Таламар продолжал бесноваться.

— Это ему не понравится! Очень не понравится!

— Ты боишься гнева твоего Мастера, Таламар?

— Чушь, чушь, чушь! Таламар ничего не боится. Это тебе его надо бояться, зеркальщик! Тебе надо бояться Таламара! И ярости Лорда Света!

— Я не в силах ничего изменить. Я работал на вас, чтобы поддержать свою мастерскую. Без вашего золота ее давно пришлось бы закрыть. Куда бы тогда делись дети? — Старик горестно качнул головой. — Я не мог себе такое позволить.

— Дети, дети, дети! — Таламар зло мотнул головой. Его вздутые губы сложились в кривую усмешку. Ветка с железными шипами качнулась у его рта, а колючий венок плотнее прижался ко лбу. — Как там наши дети? Ты все сделал, что тебе было велено?

Арчимбольдо кивнул.

— Я взял обеих девочек к себе в дом, как пожелал твой Мастер. — Старик колебался. Серафин понял: он не знает, стоит ли сказать правду об исчезновении Мерле, но осторожность взяла верх — он промолчал.

Голова Таламара задергалась вверх-вниз.

— Ты выполнил все пожелания Мастера?

— Да.

— Девочки нас не подведут?

— Лорд Свет останется доволен.

— Откуда тебе знать?

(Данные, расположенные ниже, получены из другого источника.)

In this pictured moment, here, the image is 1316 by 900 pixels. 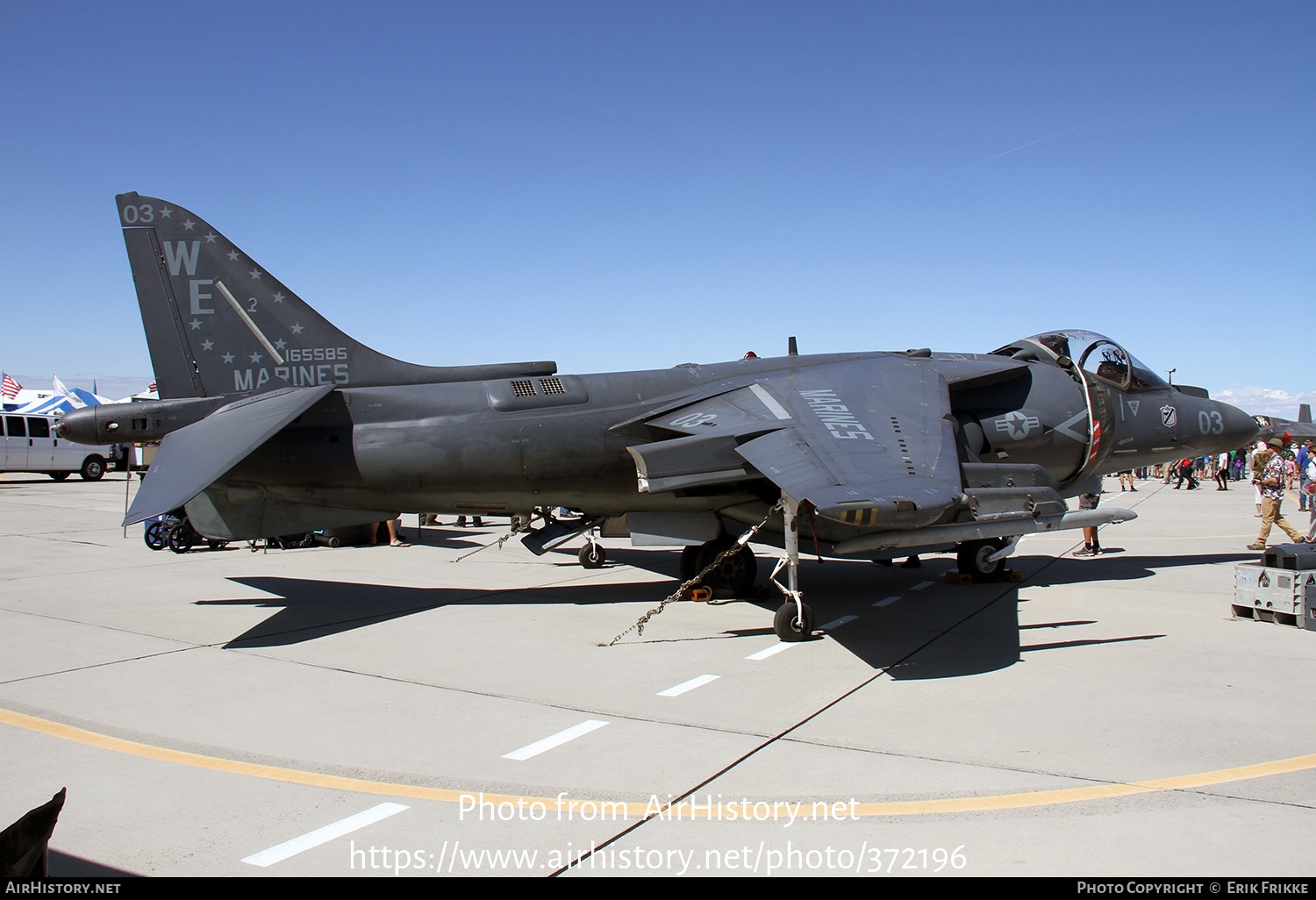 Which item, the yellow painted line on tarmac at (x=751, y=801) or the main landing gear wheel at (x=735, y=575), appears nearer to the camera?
the yellow painted line on tarmac at (x=751, y=801)

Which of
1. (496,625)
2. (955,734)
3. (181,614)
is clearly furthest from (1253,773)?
(181,614)

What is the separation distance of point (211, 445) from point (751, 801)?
22.8 feet

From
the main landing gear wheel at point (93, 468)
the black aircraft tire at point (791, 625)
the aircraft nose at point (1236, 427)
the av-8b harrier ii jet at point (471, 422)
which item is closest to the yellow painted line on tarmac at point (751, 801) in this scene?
the black aircraft tire at point (791, 625)

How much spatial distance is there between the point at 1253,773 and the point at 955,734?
1654 mm

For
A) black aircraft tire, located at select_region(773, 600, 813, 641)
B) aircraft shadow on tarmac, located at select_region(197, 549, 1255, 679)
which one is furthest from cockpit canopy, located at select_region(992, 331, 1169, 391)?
black aircraft tire, located at select_region(773, 600, 813, 641)

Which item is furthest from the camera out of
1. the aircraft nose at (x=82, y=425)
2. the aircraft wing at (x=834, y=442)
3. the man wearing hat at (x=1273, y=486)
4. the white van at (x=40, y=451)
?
the white van at (x=40, y=451)

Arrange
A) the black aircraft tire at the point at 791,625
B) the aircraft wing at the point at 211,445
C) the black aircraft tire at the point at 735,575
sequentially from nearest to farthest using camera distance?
1. the aircraft wing at the point at 211,445
2. the black aircraft tire at the point at 791,625
3. the black aircraft tire at the point at 735,575

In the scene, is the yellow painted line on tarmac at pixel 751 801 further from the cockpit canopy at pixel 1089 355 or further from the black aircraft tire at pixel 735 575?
the cockpit canopy at pixel 1089 355

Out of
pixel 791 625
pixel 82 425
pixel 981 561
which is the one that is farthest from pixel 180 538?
pixel 981 561

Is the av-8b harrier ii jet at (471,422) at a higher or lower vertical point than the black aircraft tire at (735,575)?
higher

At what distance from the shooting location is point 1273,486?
14.4 m

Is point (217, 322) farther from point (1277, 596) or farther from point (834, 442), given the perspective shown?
point (1277, 596)

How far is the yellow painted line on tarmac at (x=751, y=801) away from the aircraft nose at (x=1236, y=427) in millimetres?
9950

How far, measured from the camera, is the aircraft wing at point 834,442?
23.0 feet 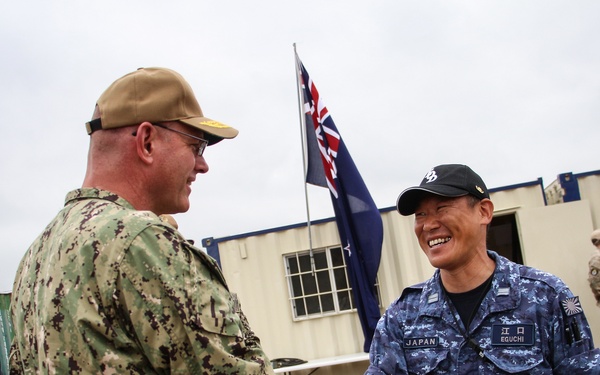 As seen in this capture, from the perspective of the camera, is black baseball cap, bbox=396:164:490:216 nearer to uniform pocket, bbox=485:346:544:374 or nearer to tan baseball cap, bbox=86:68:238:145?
uniform pocket, bbox=485:346:544:374

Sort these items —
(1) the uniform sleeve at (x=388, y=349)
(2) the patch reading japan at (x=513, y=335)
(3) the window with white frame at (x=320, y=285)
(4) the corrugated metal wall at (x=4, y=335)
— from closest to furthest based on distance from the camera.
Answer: (2) the patch reading japan at (x=513, y=335)
(1) the uniform sleeve at (x=388, y=349)
(4) the corrugated metal wall at (x=4, y=335)
(3) the window with white frame at (x=320, y=285)

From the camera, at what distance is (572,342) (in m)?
2.63

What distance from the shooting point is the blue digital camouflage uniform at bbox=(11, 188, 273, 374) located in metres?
1.46

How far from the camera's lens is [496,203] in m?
10.4

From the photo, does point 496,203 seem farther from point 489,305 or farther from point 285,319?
point 489,305

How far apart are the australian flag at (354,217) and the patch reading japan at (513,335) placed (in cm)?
754

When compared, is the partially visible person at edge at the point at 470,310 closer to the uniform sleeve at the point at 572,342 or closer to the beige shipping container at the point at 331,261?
the uniform sleeve at the point at 572,342

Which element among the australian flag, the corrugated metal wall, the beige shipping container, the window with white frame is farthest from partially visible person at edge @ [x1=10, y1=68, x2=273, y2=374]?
the window with white frame

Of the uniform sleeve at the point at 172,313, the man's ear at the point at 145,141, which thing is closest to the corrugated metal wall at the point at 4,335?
the man's ear at the point at 145,141

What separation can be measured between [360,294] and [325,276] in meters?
0.74

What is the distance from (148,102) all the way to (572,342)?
1898 mm

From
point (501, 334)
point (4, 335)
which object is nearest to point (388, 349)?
point (501, 334)

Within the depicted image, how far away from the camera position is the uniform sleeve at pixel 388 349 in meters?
2.92

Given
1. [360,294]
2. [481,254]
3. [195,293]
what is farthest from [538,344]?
[360,294] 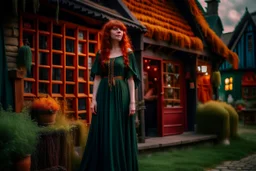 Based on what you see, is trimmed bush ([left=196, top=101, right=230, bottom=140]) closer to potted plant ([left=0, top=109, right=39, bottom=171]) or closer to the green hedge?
the green hedge

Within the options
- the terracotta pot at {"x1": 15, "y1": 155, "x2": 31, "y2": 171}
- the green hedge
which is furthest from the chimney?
the terracotta pot at {"x1": 15, "y1": 155, "x2": 31, "y2": 171}

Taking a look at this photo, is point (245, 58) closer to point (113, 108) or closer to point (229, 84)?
point (229, 84)

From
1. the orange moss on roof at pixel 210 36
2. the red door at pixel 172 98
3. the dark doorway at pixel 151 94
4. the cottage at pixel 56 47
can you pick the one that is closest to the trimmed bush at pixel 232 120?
the red door at pixel 172 98

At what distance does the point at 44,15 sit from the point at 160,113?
5.33m

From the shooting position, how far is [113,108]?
15.7ft

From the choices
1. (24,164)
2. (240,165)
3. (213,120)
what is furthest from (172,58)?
(24,164)

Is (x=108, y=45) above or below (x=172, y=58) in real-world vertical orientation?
below

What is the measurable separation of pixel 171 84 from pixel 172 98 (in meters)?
0.46

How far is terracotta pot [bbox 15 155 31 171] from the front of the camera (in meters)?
4.29

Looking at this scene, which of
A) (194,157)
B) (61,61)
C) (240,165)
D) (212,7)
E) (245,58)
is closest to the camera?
(61,61)

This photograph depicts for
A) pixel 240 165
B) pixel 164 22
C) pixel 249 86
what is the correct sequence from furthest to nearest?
pixel 249 86, pixel 164 22, pixel 240 165

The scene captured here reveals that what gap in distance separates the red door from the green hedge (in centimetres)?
64

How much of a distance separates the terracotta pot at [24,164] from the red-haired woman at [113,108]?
0.81 metres

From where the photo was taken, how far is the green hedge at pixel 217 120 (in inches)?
428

Ты его никогда не видел.

— Если бы он во мне усомнился, ты бы давно об этом сообщил, не так ли, Таламар? — Арчимбольдо презрительно усмехнулся. — Тебе, конечно, очень бы хотелось, чтобы я попал в немилость к Лорду Свету.

Странное существо издало каркающие звуки, похожие на смех.

— Ты же больше не будешь поставлять зеркала. Мастер все равно разгневается. — Таламар подумал немного, затем растянул губы в отвратительной ухмылке. — Тебе придется возместить нам ущерб, ты заключишь с нами новое соглашение на других условиях.

Как Арчимбольдо ни старался скрывать от Таламара свои чувства, он не смог утаить испуга.

— Нет! Еще слишком рано. Наши условия…

— …будут изменены. Причем немедленно.

— Но это не в твоей власти!

Таламар подобрался ближе к Арчимбольдо, его сухие пальцы почти касались начертанного на земле круга.

— Моя власть — это власть Лорда Света! Ты не вправе сомневаться, человек. Ты должен мне повиноваться, покорно и безропотно.

Арчимбольдо проговорил тихо и глухо:

— Вы хотите получить девочек?

Таламар хихикнул.

— Да, девочку с зеркальными глазами. Она принадлежит нам. Ты это знал с самого начала.

— Но речь шла о том, что несколько лет она должна провести у нас!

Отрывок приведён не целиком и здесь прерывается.